Because of this, the DOH continues to promote the Zero Open Defecation Program (ZODP) advocacy and health education campaign. The ZODP utilizes the approaches and strategies of Community-Led Total Sanitation (CLTS). The CLTS is under the umbrella concept of total sanitation that includes a range of behaviors such as stopping open defecation practices; ensuring that everyone uses a sanitary toilet; frequent and proper hand washing; hygienic handling food and water; safe disposal of animal and domestic waste; creation and maintenance of a clean and safe environment.

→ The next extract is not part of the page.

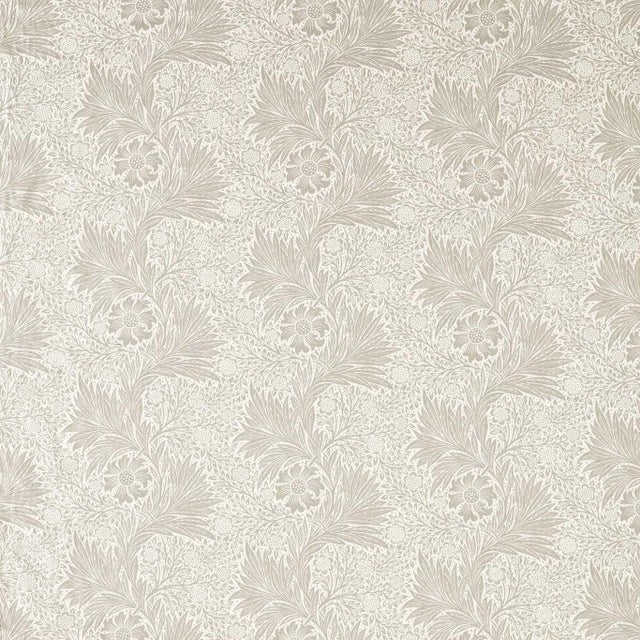 Morris & Co. Pure Marigold WW Fabric in Stone For Sale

Road to ‘Zero Open Defecation’

The DOH, through the National Sustainable Sanitation Plan (NSSP), targets that by 2022, all barangays practicing open defecation shall be declared Zero Open Defecation (ZOD) status.

Duque, however, noted that “giving away toilets alone will not solve our problem.”

“Households and communities need to be prepared. They should also be responsible. When our governors and mayors give toilets for free, household heads should also invest their time and resources, however limited they may be, in building their own toilet facilities,” he stressed.

The DOH chief explained that moving beyond the eradication of open defecation towards the safe management of sanitation for all requires a continuous shift in the types of approaches. The shift from eradicating open defecation, to shared or basic sanitation, to safely managed systems for all will need to be accompanied by a shift in approaches from collective behavior change, towards strengthening supply chains and improving public services.

Across all of these steps there is a need for the public regulation of the compliance of behavior, infrastructure and services of individuals, collectives and corporations in order to protect the safety of all concerned, he added.

“It’s the same when we buy our own cellphone. We take care of it because the money we used to buy it came from our own pockets. That should also be the case for our own toilets,” the health official noted.

Communication campaign

In selected rural communities, the DOH has launched a communication campaign, called “Goodbye, Dumi! Hello, Healthy!” to convince household heads to build their own sanitary toilets.

First implemented in Masbate in 2014, the campaign will be rolled out in all regions in 2018. The campaign is composed of different communication platforms, including a community play, health classes, and engaging information materials for children and adults.

According to the UNICEF, in communities where the campaign was first implemented, toilet coverage increased from 58 to 85 percent, on the average, within a six-month period.

To note, the campaign was cited by the Public Relations Society of the Philippines as one of the country’s top communication programs at the 52nd Anvil Awards early this year.